Relativistic Fluids, Hydrodynamic Frames and their Galilean versus Carrollian Avatars
Anastasios C. Petkou, P. Marios Petropoulos, David Rivera Betancour, Konstantinos Siampos
TL;DR
The paper develops Galilean and Carrollian hydrodynamics on arbitrary backgrounds by combining local diffeomorphism/Weyl invariance with systematic large-$c$ and small-$c$ limits in Zermelo and Papapetrou–Randers gauges. It reveals how hydrodynamic-frame invariance behaves differently under Galilean and Carrollian limits and shows that Noetherian currents tied to spacetime isometries may fail to exist in Newton–Cartan or Carroll spacetimes. The work also uncovers how extra degrees of freedom emerge in contraction limits, yielding richer but more delicate conservation structures, and relates these findings to holographic contexts and Aristotelian dynamics. Overall, it provides a unified path to derive and compare Galilean and Carrollian fluids, clarifying conserved currents, frame invariances, and the role of background geometry.
Abstract
We comprehensively study Galilean and Carrollian hydrodynamics on arbitrary backgrounds, in the presence of a matter/charge conserved current. For this purpose, we follow two distinct and complementary paths.
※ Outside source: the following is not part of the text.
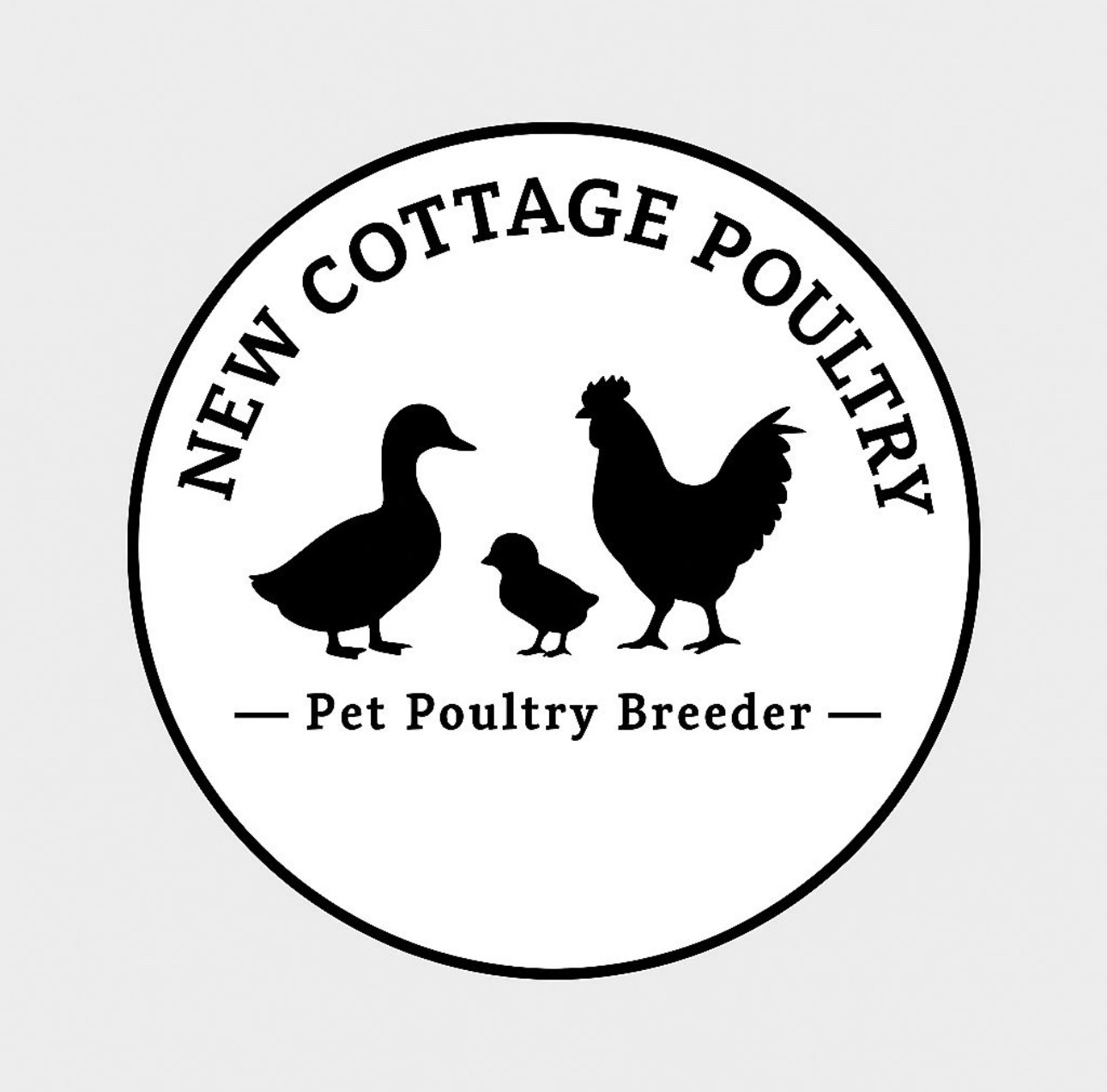 Ducks & Ducklings in a range of breeds  - {CATEGORY}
The first is based on local invariance, be it Galilean or Carrollian diffeomorphism invariance, possibly accompanied by Weyl invariance. The second consists in analyzing the relativistic fluid equations at large or small speed of light, after choosing an adapted gauge, ADM-Zermelo for the former and Papapetrou-Randers for the latter. Unsurprisingly, the results agree, but the second approach is superior as it effortlessly captures more elaborate situations with multiple degrees of freedom. It furthermore allows to investigate the fate of hydrodynamic-frame invariance in the two limits at hand, and conclude that its breaking (in the Galilean) or its preservation (in the Carrollian) are fragile consequences of the behaviour of transport attributes at large or small $c$. Both methods do also agree on the doom of Noetherian currents generated in the relativistic theory by isometries: non-trivial currents are not always guaranteed in Newton-Cartan or Carroll spacetimes as a consequence of Galilean or Carrollian isometries. Comparison of Galilean and Carrollian fluid equations exhibits a striking but often superficial resemblance, which we comment in relation to black-hole horizon dynamics, awkwardly akin to Navier-Stokes equations. This congruity is authentic in one instance though and turns out then to describe Aristotelian dynamics, which is the last item in our agenda.